2.      How important is managing well versus mobilizing?  Consider the possibility tht each depends on the other.  Julian Zelizer wrote,

“Through most of his presidency, Carter was unable to nurture strong relations with congressional Democrats or core Democratic constituencies, as too often he was unwilling to engage in the kind of deal making and compromises that were expected from the White House.  Nor did he demonstrate a good feel for what steps were necessary to create programs that had strong political support. The very qualities that allowed him to campaign successfully as an antiestablishment politician, when translated into governance, made it difficult to build a durable political coalition to which he could turn in the crisis years in 1979 and 1980.  His embrace of the complexity of policy allowed him to think beyond traditional political orthodoxies, but it also prevented him from conveying the kind of compelling ideological vision that voters sought in difficult times.  In essence, Carter’s interest lay in the challenges of presidential leadership rather than the challenges of being a party leader.  He was willing to use his political position to push the nation through difficult choices, but he was less interested or successful in taking the steps that were needed to leave his party more united and in a stronger political position by the 1980 election.”  ((Pages 149-150.))
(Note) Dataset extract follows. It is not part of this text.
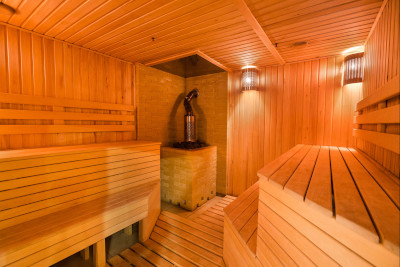 Eine Kabine ist mit einem Saunaofen mit externer Steuerung ausgestattet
3.      Management of multiparty negotiations: the importance of craft, social intelligence, and sheer will.   About a quarter of Carter’s memoir is devoted to the very detailed history of the Arab-Israeli peace negotiation between Begin and Sadat at Camp David over 13 days in 1979.  These pages are an invaluable illustration of many of the lessons that business schools teach about bargaining and negotiating.  Perhaps the most important of these lessons is that in any two-party negotiation, there are actually three negotiations ongoing: one between the two parties, and two more within each of the parties.  Carter artfully mediated all three simultaneously.  Carter’s achievement of this treaty (and of the decades of peace between these countries) is a dramatic testament to the power of diplomatic skill.

4.      Defining “success.”  Virtually all of the Presidents challenge our notion of success in a national leader.  One can turn to objective metrics, such as terms in office, treaties, election votes, legislative output, and polling numbers.  But the ability to frame and communicate an inspiring vision for the nation probably dominates the indicators of presidential success. 

5.      The calculus of power.   Carter’s words that “Most things we did that were difficult and controversial cost us votes in the long run.”  This implies a tradeoff: stubborn adherence to a principled position is costly, in terms of support and risk of defeat.  Settling for half a loaf and living to fight another day might be rational if you are confident of success in the long run and if the discount rate on future returns is sufficiently low.

 

Bibliography

 

Carter, Jimmy, (1995) Keeping Faith, Fayetteville: University of Arkansas Press.

 

Zelizer, Julian E., (2010), Jimmy Carter, New York: Times Books.

 

Carter is perhaps the most prolific autobiographer of all the Presidents.  I recommend, but did not assign for the course, two books that preceded Keeping Faith and that help to reveal Carter’s background and character:

·        Carter, Jimmy, (1975) Why Not the Best? Nashville: Broadman Press.  This is Carter’s “campaign biography” written in advance of his campaign for the presidency.  Unlike many campaign biographies, Carter wrote this himself.

·        Carter, Jimmy, (1992) Turning Point: A Candidate, A State, and A Nation Come of Age, New York: Times Books.  This book describes Carter’s entry into politics.  As a peanut farmer in Plains, Georgia, he denied the racism and neglect of the impoverished prevalent in the region and sought to change state policies.  In his first campaign for office he confronted voting fraud by a political machine—and won.  The book reads like a thriller, and in the final chapters is difficult to put down.  I think that the story told here helps to illuminate Carter’s persona as an outsider and populist.  And it explains his activism on behalf of election integrity in his post-presidential career.  Highly recommended.